Task directions:
Pictures are to be left out, and only the lines below starting at the one with "Junge Goldsaumbuntbarsche *" and ending at the one with "Ein indonesischer Polizist" are to be reproduced, each exactly, both ends included.

─── Data

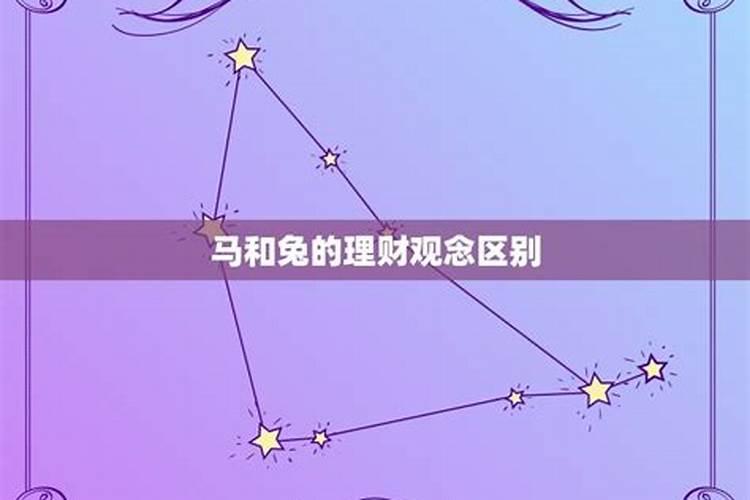 属马和属兔的配婚合不合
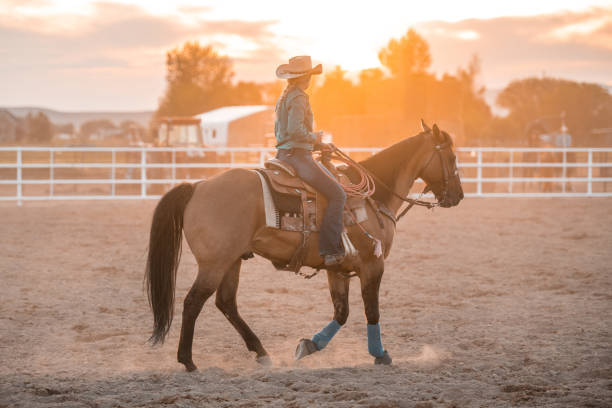 istock Cowboy Riding A Horse And Holding A Lasso 1445763933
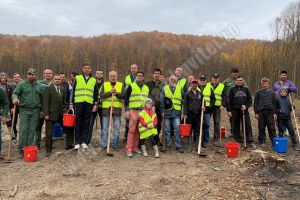 Trei hectare semănate cu ghindă, de către Rotary Club Târgovişte şi Direcţia Silvică Dâmboviţa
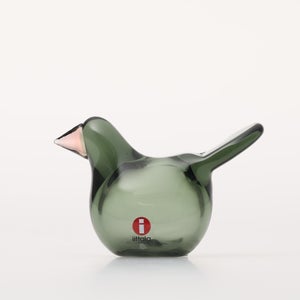 Birds Sieppo パイングリーン×サーモンピンク 0238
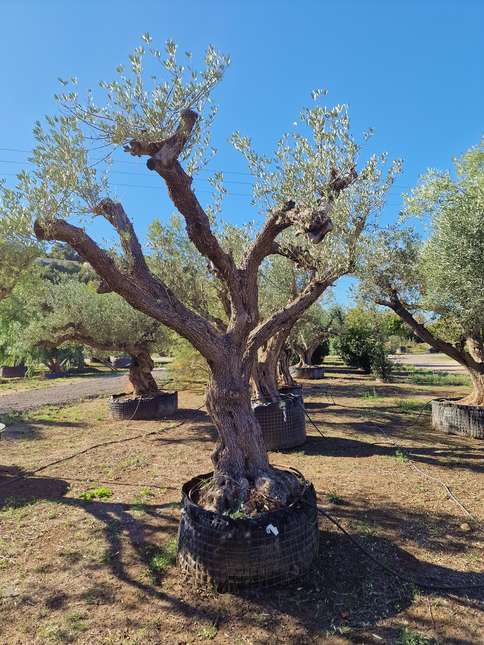 Olivier centenaire (Olea europaea) – 1,70 mètre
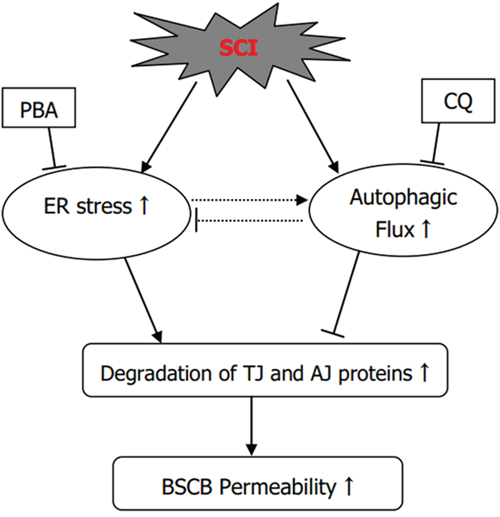The illustration for the roles of ER stress and autophagy on BSCB disruption after SCI.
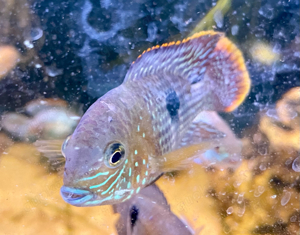 Junge Goldsaumbuntbarsche * Green Terror * Andinocara Rivulatus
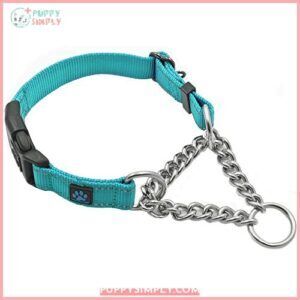 Max and Neo Stainless Steel B07H2JW55G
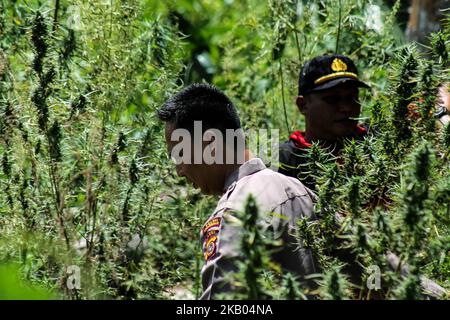 Ein indonesischer Polizist zerstört Marihuanapflanzen während eines Angriffs auf eine Marihuanaplantage in Nord-Aceh am 19. Juli 2018 in Aceh, Indonesien. Die indonesische Polizei verhaftete zwei mutmaßliche Marihuanazüchter und zerstörte 4 Hektar Marihuanaplantagen durch Verbrennen. Aceh ist die größte illegale Marihuana produzierende Provinz in Indonesien, deren Verteilung sich auf die südostasiatische Region ausbreitete. (Foto von Fachrul Reza/NurPhoto) Stockfoto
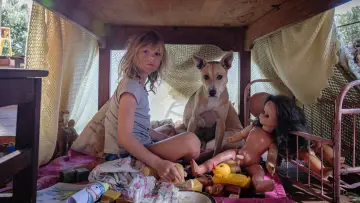 Zasłona do filmu "Dziś wieczorem nie schodźmy na psy" #564526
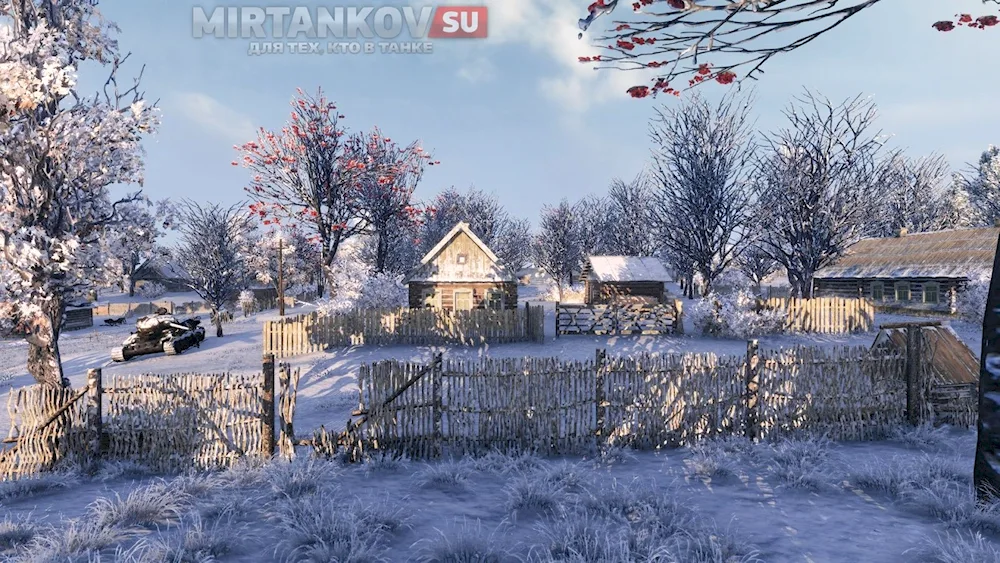 Barbukovo village in winter Vologda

──────

Response below:
 Junge Goldsaumbuntbarsche * Green Terror * Andinocara Rivulatus
 Max and Neo Stainless Steel B07H2JW55G
 Ein indonesischer Polizist zerstört Marihuanapflanzen während eines Angriffs auf eine Marihuanaplantage in Nord-Aceh am 19. Juli 2018 in Aceh, Indonesien. Die indonesische Polizei verhaftete zwei mutmaßliche Marihuanazüchter und zerstörte 4 Hektar Marihuanaplantagen durch Verbrennen. Aceh ist die größte illegale Marihuana produzierende Provinz in Indonesien, deren Verteilung sich auf die südostasiatische Region ausbreitete. (Foto von Fachrul Reza/NurPhoto) Stockfoto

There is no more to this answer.